フレアの頷きにバレット宰相は納得したように頷くと、
「そして、その勇者に同行を決意してくれた四人の勇敢な仲間たち。あなたがたにも大いに期待している。どうか勇者殿を支えてほしい」
春人たちを見てそう告げた。
「……はい」
バーグたちそれぞれが頭を垂れていたので慌てて春人もその真似をした。
「では、概要の方へと移ろうか。まず、氷の神殿へ向かうには、ここから風の神殿跡地へ行き、そして、大地の神殿跡地を通らなければならない」
バレット宰相はその光景を見て頷くと、概要を話し始める。
「風の神殿跡地までは、この彼が馬車を引いてくれる」
バレット宰相は集まった従業員たちの他に居た大柄の髭面の男を示す。
見た目は少し野暮ったい行商人に見えるので一瞬大丈夫だろうかと思ったが、帝国が用意した行商人なので技術は確かなのかもしれないと思い直した。
大柄の髭面男は人懐っこそうな笑顔でこちらに手をあげる。
フレアは小さくお辞儀し、エレクトラは嫌そうな顔をしていた。バーグ、ディアはあまり関心無さそうな顔だった。
「そして、風の神殿からだが、徒歩となる」
バレット宰相の言葉にバーグとエレクトラは反応する。
「徒歩ですか?」
エレクトラは戸惑いつつ問いかける。
これまで質問等はしてこなかったが、流石に思うことがあるのかエレクトラは初めて質問を投げかけた。
「不満か?」
バレットは無表情にそう返す。
「い、いえ……」
エレクトラは戸惑いつつもそう返した。
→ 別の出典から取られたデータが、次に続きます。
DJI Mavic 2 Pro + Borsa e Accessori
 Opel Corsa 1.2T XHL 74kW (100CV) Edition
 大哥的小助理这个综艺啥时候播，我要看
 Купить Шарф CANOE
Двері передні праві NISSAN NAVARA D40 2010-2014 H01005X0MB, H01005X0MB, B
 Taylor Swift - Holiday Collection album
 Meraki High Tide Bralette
内心は不満であるが、流石に宰相に対して文句は言えないのだろう。
一瞬、張り詰めたような沈黙が流れたが、それはバレット宰相の漏らす笑い声で破られた。
「ふふ、意地悪だったな。別にこちらも嫌がらせで言っているわけではない。風の神殿からは馬が通れるような道がないのだ。雪が積もりとてもじゃないが馬車を引ける状況ではない。苦しいが、徒歩で行くほかない。代わりといってはなんだが、雪道にも強く寒さにも強いケイブを一頭用意している。あまり多くても食料等の負担になるだろうからな。馬みたいに機動力はないが、荷運びには最適だ」
この街までは人が行き来していたので雪が降っていても道が出来ていたが、ここから先は道は存在しない。その為、馬車が引くことができないのだろう。
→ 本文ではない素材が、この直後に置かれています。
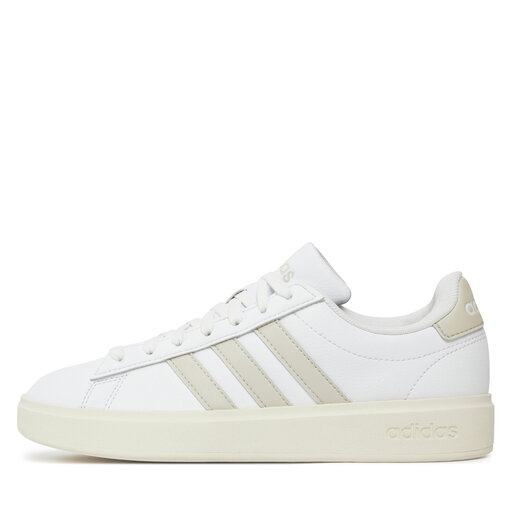 Sneakers adidas Grand Court Cloudfoam Comfort ID2949 Bianco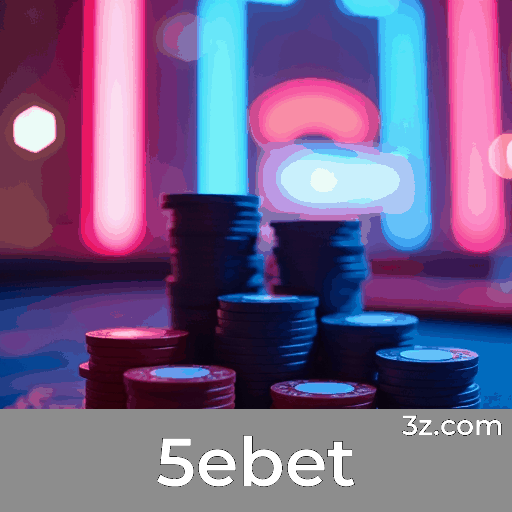 Desbloqueie Bônus Surpreendentes na 5ebet!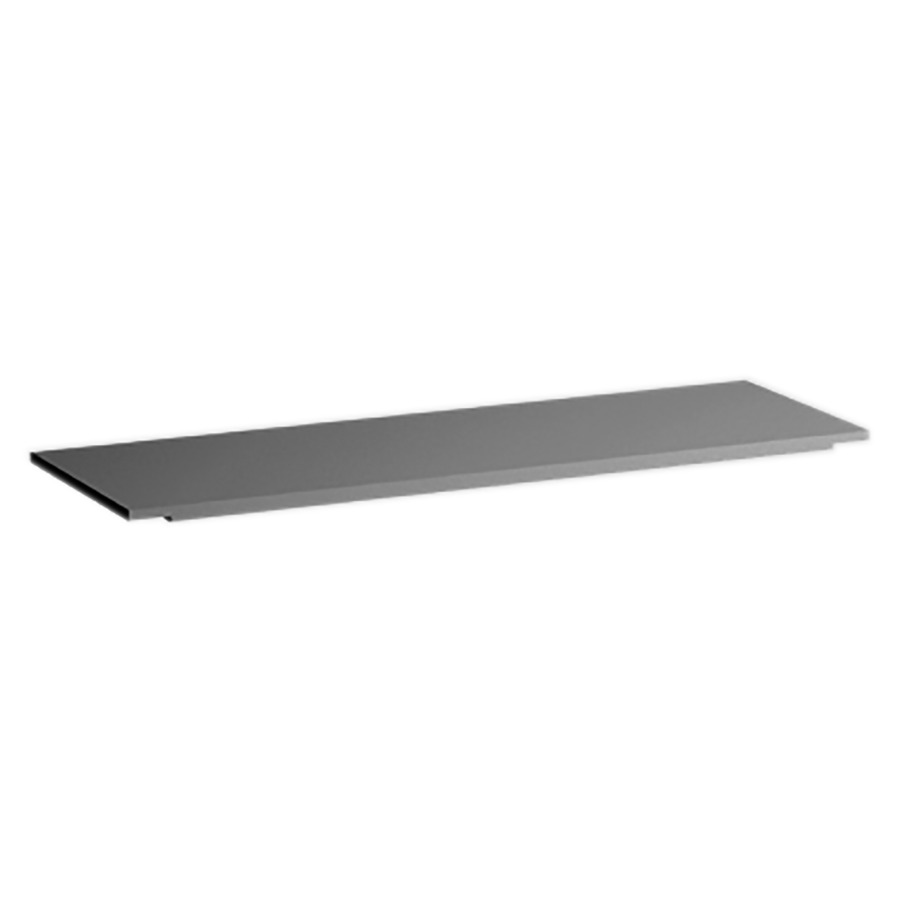 Tablette KARTELL LAUFEN
75 x 25 cm, matière
synthétique, pour baignoires
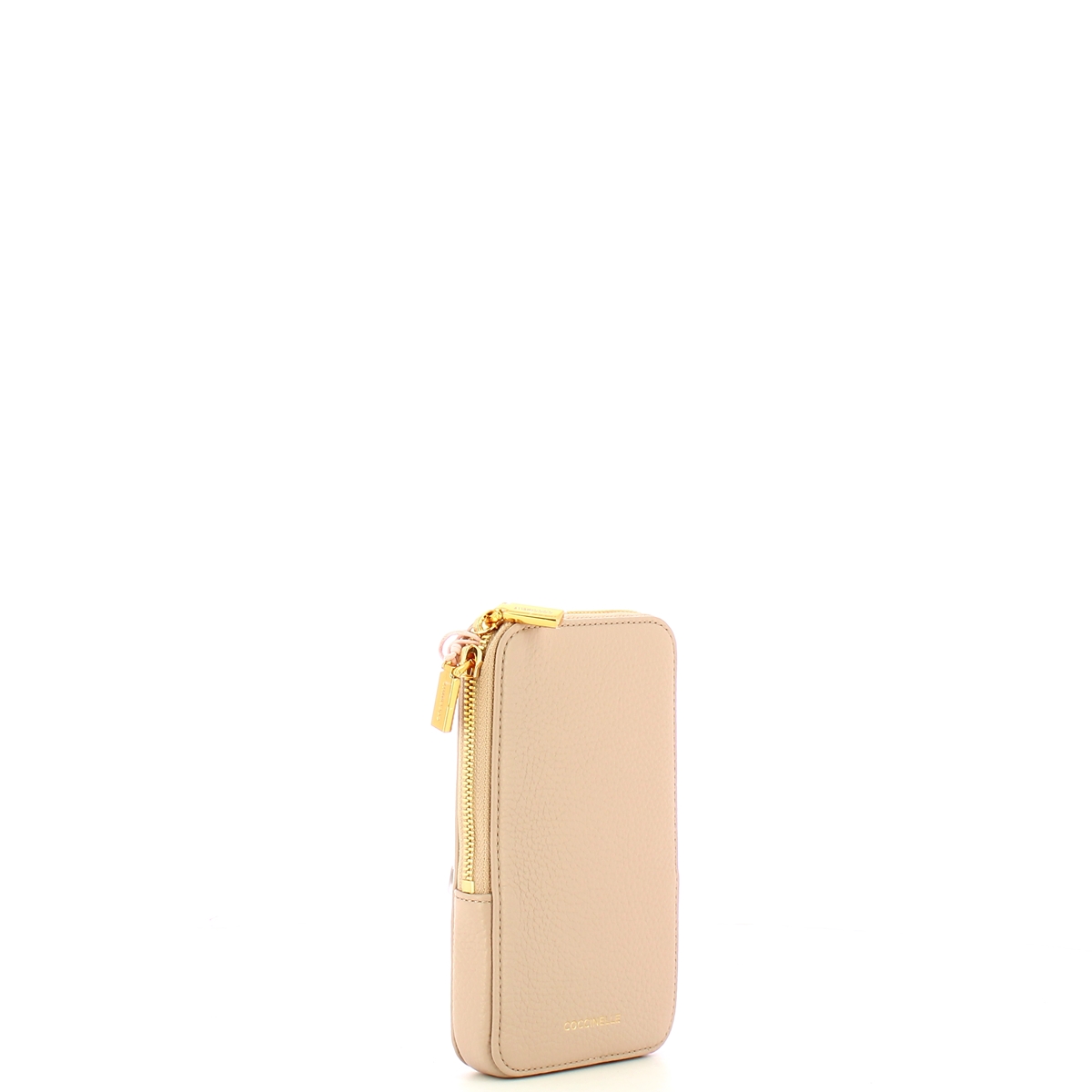 Coccinelle Porta Smartphone Flor Rosette - 2 Coccinelle Porta Smartphone Flor Rosette - 2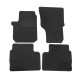 За конкретен модел Velour car mats for VOLKSWAGEN VW Amarok 2010-2016 4pcs | race-shop.bg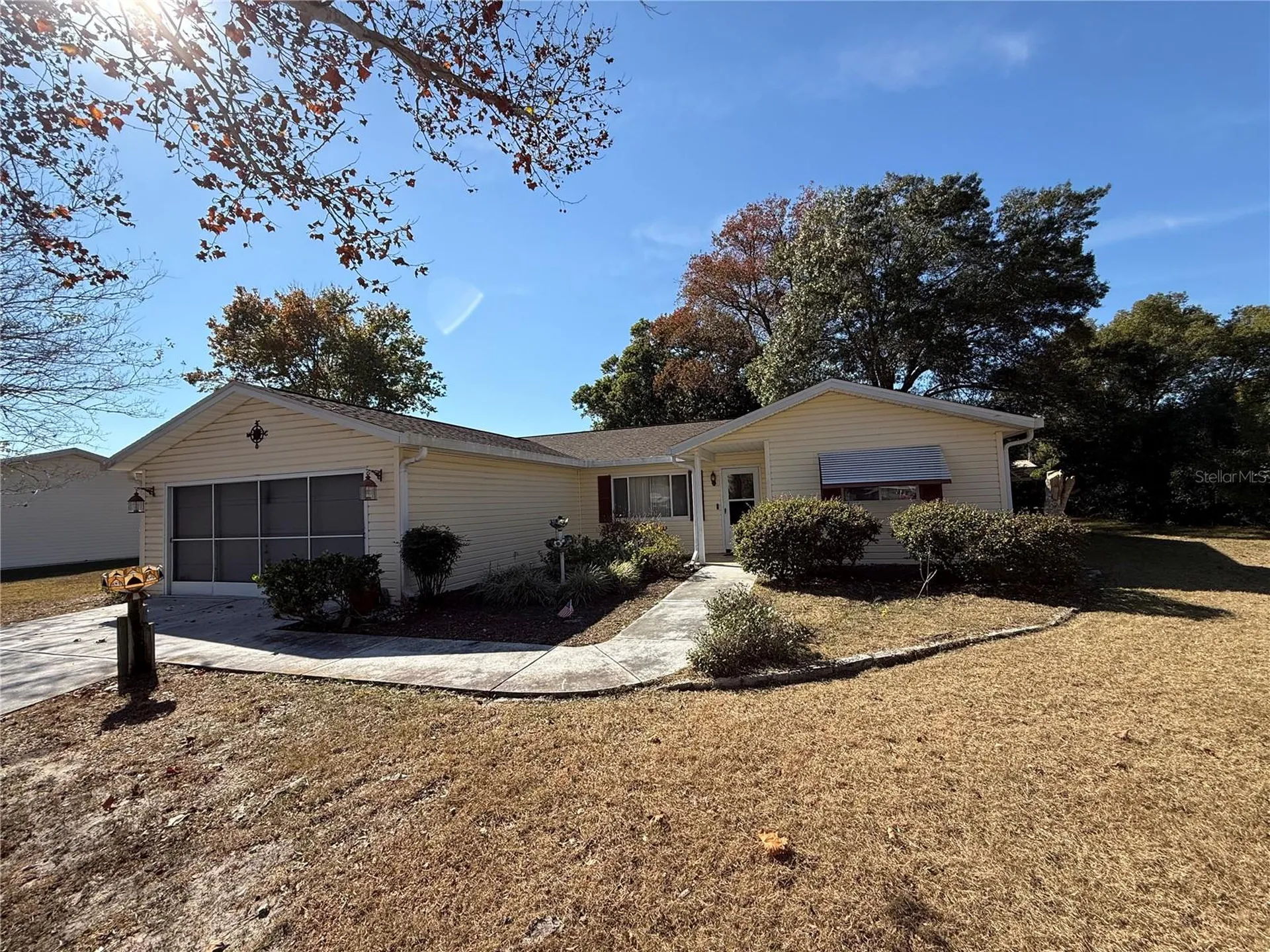 10800 SW 62nd Avenue Ocala FL 34476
「雪道になると言ったように風の神殿跡地からはかなり凍てつく大地の影響を受けている。風の神殿跡地では雪が積もっている程度だが、先へと進むと徐々に風も強くなり吹雪になってくる。当然、寒さも増す。そして、ここからが問題だが、この先には境界線と呼ばれるものがある。境界線とは我々が凍てつく大地と呼んでいる場所との間の事だ」
凍てつく大地。何度か耳にする言葉。それがどんなものか春人には想像がつかない。皆の顔つきなどからただの吹雪が吹くような場所とは違うのかもしれない。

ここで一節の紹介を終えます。